THE DATA »
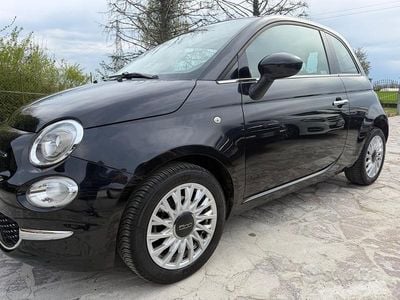 Usata Fiat 500 Riva 69 CV (50 kW) 2016 Nero Berlina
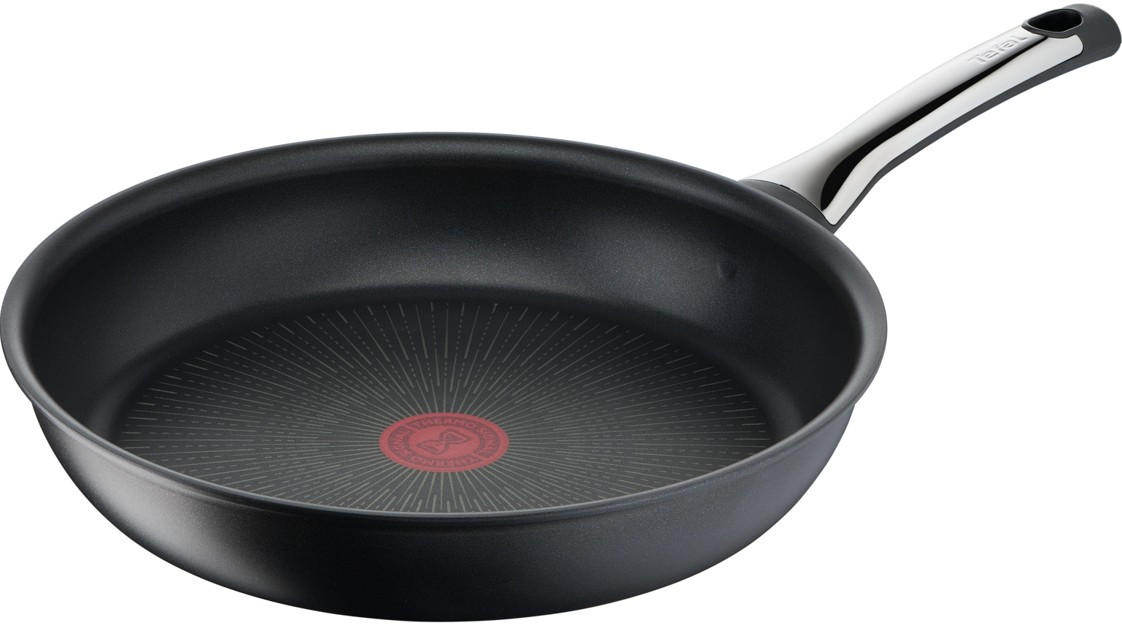 BRATPFANNE EXCELLENCE 32 cm  - Schwarz, Basics, Metall (32cm) - Tefal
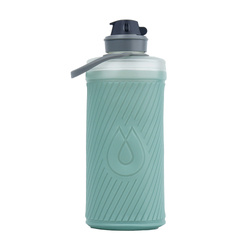 HydraPak - Flux Flexible Water Bottle - 1 L - Sutro Green - GF420S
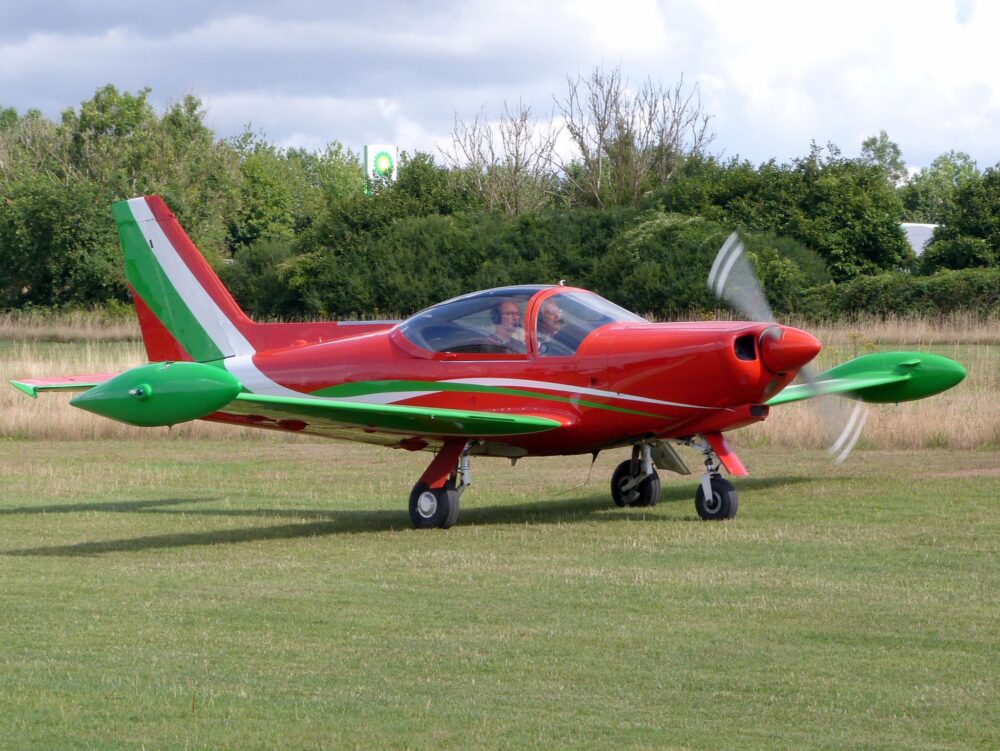 A quick few circuits at Thruxton and back to Popham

TASK STATEMENT » Set the listing down again exactly, skipping each picture.

RESPONSE TO THE TASK »
 Usata Fiat 500 Riva 69 CV (50 kW) 2016 Nero Berlina
 BRATPFANNE EXCELLENCE 32 cm  - Schwarz, Basics, Metall (32cm) - Tefal
 HydraPak - Flux Flexible Water Bottle - 1 L - Sutro Green - GF420S
 A quick few circuits at Thruxton and back to Popham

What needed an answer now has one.